To me the factor that most indicates how well a country's financial sector is meeting the needs of its people is the depth of it's capital markets and commercial banking sector. Depth refers to soundness (capital adequacy), strength (portfolio quality and product spread), the ability to generate and allocate capital (savings) effectively, a cadre of trained professionals working in the industry, and a regulatory base which operates on the basis of international standards and which adheres to the rule of law (especially as this relates to respecting contracts and providing legal recourse for disputes). Not many developing countries possess all or many of these attributes. Too much of their financial sectors are state owned/controlled. Patronage and corruption are therefore more highly prevalent. And various customer segments are thus underserved, especially low-income groups.

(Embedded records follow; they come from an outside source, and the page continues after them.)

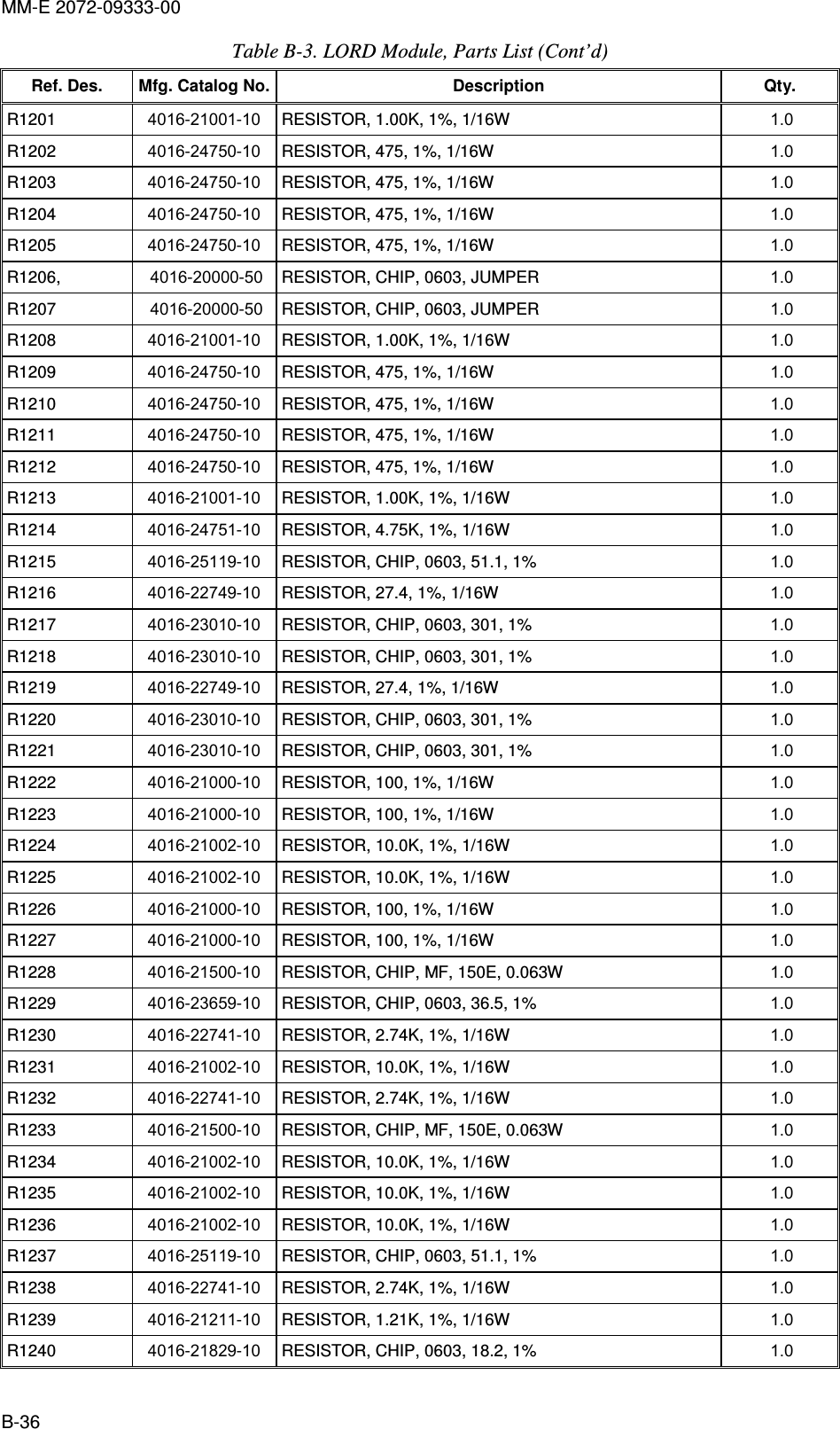 MM-E 2072-09333-00 B-36 Table  B-3. LORD Module, Parts List (Cont’d) Ref. Des.  Mfg. Catalog No. Description  Qty. R1201   4016-21001-10  RESISTOR, 1.00K, 1%, 1/16W  1.0   R1202   4016-24750-10  RESISTOR, 475, 1%, 1/16W  1.0   R1203   4016-24750-10  RESISTOR, 475, 1%, 1/16W  1.0   R1204   4016-24750-10  RESISTOR, 475, 1%, 1/16W  1.0   R1205   4016-24750-10  RESISTOR, 475, 1%, 1/16W  1.0   R1206,   4016-20000-50  RESISTOR, CHIP, 0603, JUMPER  1.0   R1207   4016-20000-50  RESISTOR, CHIP, 0603, JUMPER  1.0   R1208   4016-21001-10  RESISTOR, 1.00K, 1%, 1/16W  1.0   R1209   4016-24750-10  RESISTOR, 475, 1%, 1/16W  1.0   R1210  4016-24750-10  RESISTOR, 475, 1%, 1/16W  1.0   R1211   4016-24750-10  RESISTOR, 475, 1%, 1/16W  1.0   R1212   4016-24750-10  RESISTOR, 475, 1%, 1/16W  1.0   R1213   4016-21001-10  RESISTOR, 1.00K, 1%, 1/16W  1.0   R1214   4016-24751-10  RESISTOR, 4.75K, 1%, 1/16W  1.0   R1215   4016-25119-10  RESISTOR, CHIP, 0603, 51.1, 1%  1.0   R1216   4016-22749-10  RESISTOR, 27.4, 1%, 1/16W  1.0   R1217   4016-23010-10  RESISTOR, CHIP, 0603, 301, 1%  1.0   R1218   4016-23010-10  RESISTOR, CHIP, 0603, 301, 1%  1.0   R1219   4016-22749-10  RESISTOR, 27.4, 1%, 1/16W  1.0   R1220   4016-23010-10  RESISTOR, CHIP, 0603, 301, 1%  1.0   R1221  4016-23010-10  RESISTOR, CHIP, 0603, 301, 1%  1.0   R1222   4016-21000-10  RESISTOR, 100, 1%, 1/16W  1.0   R1223   4016-21000-10  RESISTOR, 100, 1%, 1/16W  1.0   R1224   4016-21002-10  RESISTOR, 10.0K, 1%, 1/16W  1.0   R1225   4016-21002-10  RESISTOR, 10.0K, 1%, 1/16W  1.0   R1226   4016-21000-10  RESISTOR, 100, 1%, 1/16W  1.0   R1227   4016-21000-10  RESISTOR, 100, 1%, 1/16W  1.0   R1228   4016-21500-10  RESISTOR, CHIP, MF, 150E, 0.063W  1.0   R1229   4016-23659-10  RESISTOR, CHIP, 0603, 36.5, 1%  1.0   R1230   4016-22741-10  RESISTOR, 2.74K, 1%, 1/16W  1.0   R1231   4016-21002-10  RESISTOR, 10.0K, 1%, 1/16W  1.0   R1232   4016-22741-10  RESISTOR, 2.74K, 1%, 1/16W  1.0   R1233   4016-21500-10  RESISTOR, CHIP, MF, 150E, 0.063W  1.0   R1234   4016-21002-10  RESISTOR, 10.0K, 1%, 1/16W  1.0   R1235   4016-21002-10  RESISTOR, 10.0K, 1%, 1/16W  1.0   R1236   4016-21002-10  RESISTOR, 10.0K, 1%, 1/16W  1.0   R1237   4016-25119-10  RESISTOR, CHIP, 0603, 51.1, 1%  1.0   R1238   4016-22741-10  RESISTOR, 2.74K, 1%, 1/16W  1.0   R1239   4016-21211-10  RESISTOR, 1.21K, 1%, 1/16W  1.0   R1240   4016-21829-10  RESISTOR, CHIP, 0603, 18.2, 1%  1.0   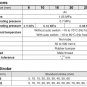 SMC Type CDUW16-20D Free Mount Cylinder Double Acting Double Rod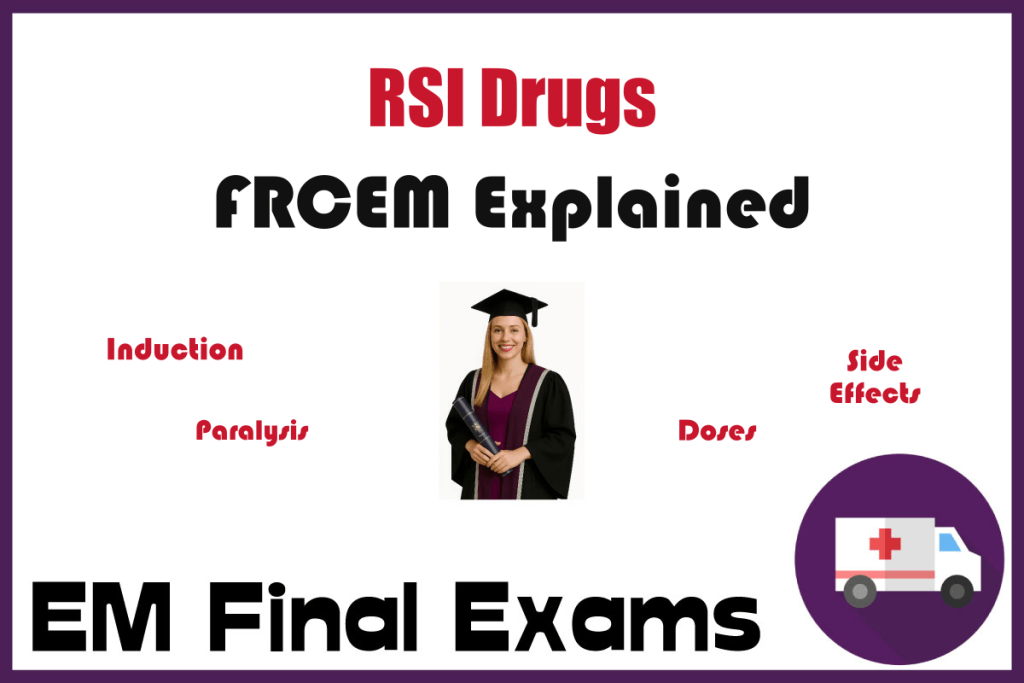 RSI Drugs Explained for FRCEM Exams
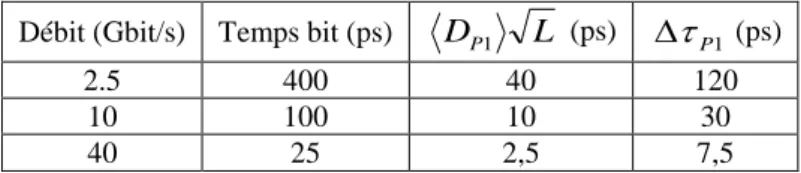 Tableau 2-1 : Paramètres de la PMD maximale tolérée en fonction du débit 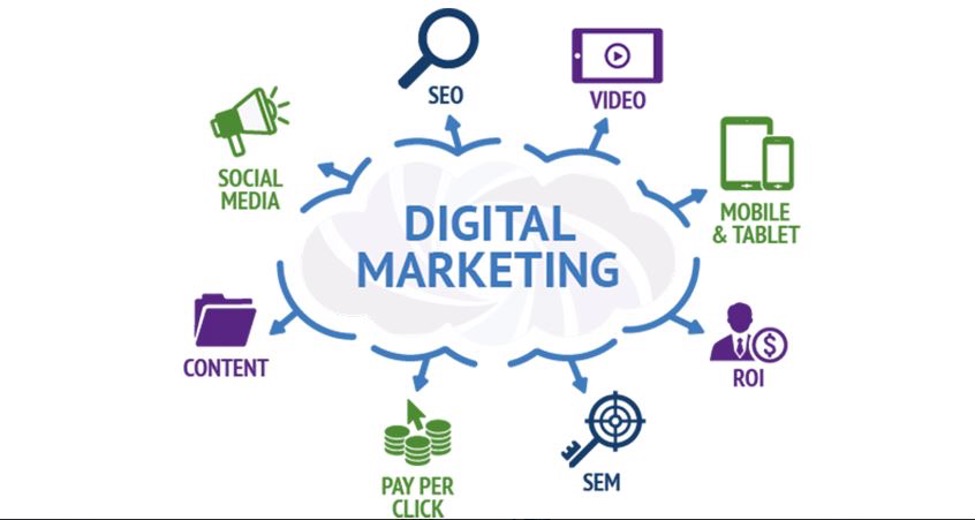 How digital marketing can help Your Company
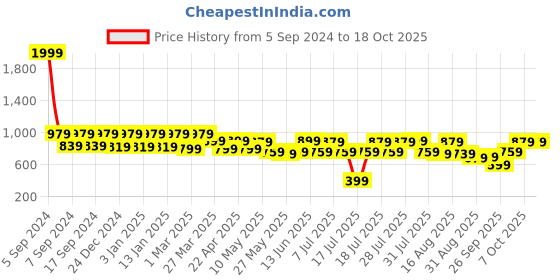 myntra.com Claura Printed Halter Neck Sleeveless Crop Top & Skirt claura Price History Graph from 5 Sep 2024 to 18 Oct 2025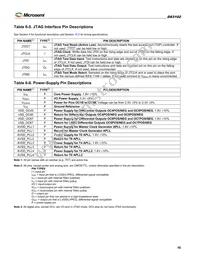 DS3102GN Datasheet Page 16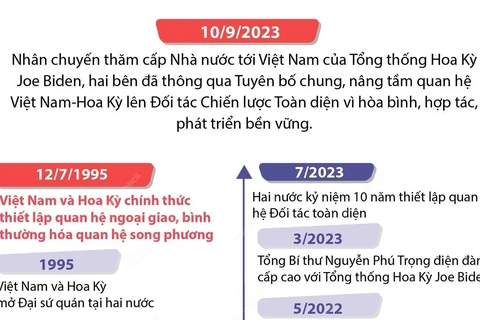 Quan hệ Đối tác Chiến lược Toàn diện Việt Nam-Hoa Kỳ.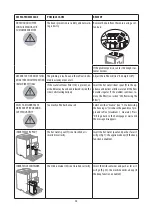 Preview for 28 page of DeLonghi Maestosa EPAM96X.75 Instructions For Use Manual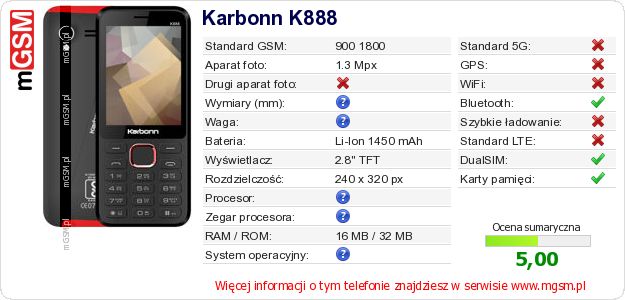 Dane telefonu Karbonn K888 Dane telefonu Karbonn K888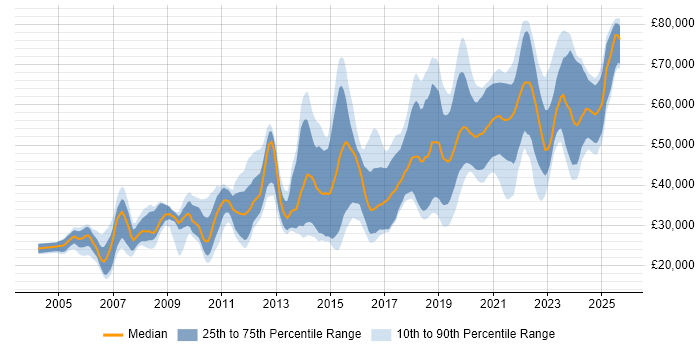 Salary distribution trend for jobs in Yorkshire citing PostgreSQL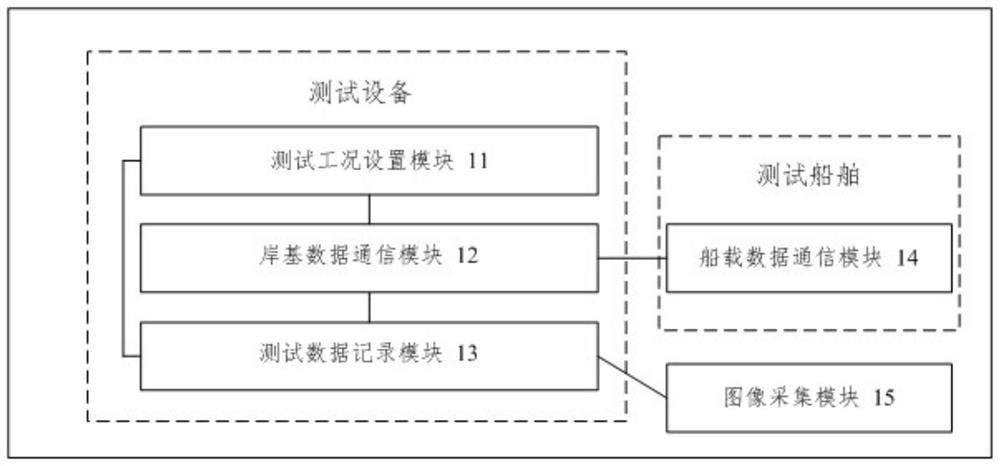 Test device and test method for automatic berthing and unberthing testing of intelligent ships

One other major indicator of a country's financial health is whether or not the legal system provides for universal access to capital. Too many countries have not provided the legal/regulatory base which allows citizens to realize the capital stored in their assets, especially hard assets such as real estate which cannot be registered and therefore pledged as collateral except in an underground economy which by nature is limited and inefficient. The amount of wealth stored in such assets, especially those controlled by the poor, is often a major part of an LDC's economy yet often lies fallow as a source of liquidity and economic growth.

— Bob Eichfeld
former CEO of Citibank South Asia and current Grameen Foundation USA board member
Chair of India Advisory Council and Capital Markets Committee


Development has four (4) main issues: education, employment, health and access to credit. Even though the microfinance industry has been growing in most countries around the world, the percentage of those with access to credit is still very low. So one valid and reliable indicator will be the percentage of financial services devoted to the Micro and Small Enterprises in relation to a country’s GNP.

— Manuel Montoya
President, Vision Consultoria (Peru)


The most valid and reliable indicator of how good a country’s financial sector is in meeting the needs of its population is the level of per capita income and the stability of that income. For income to grow, it must be rooted in the balance of trade and commerce of the nation. In practical terms, the balance of trade and commerce will translate into the steady decline of the unemployment rate over a period of time thereby generating more income overall.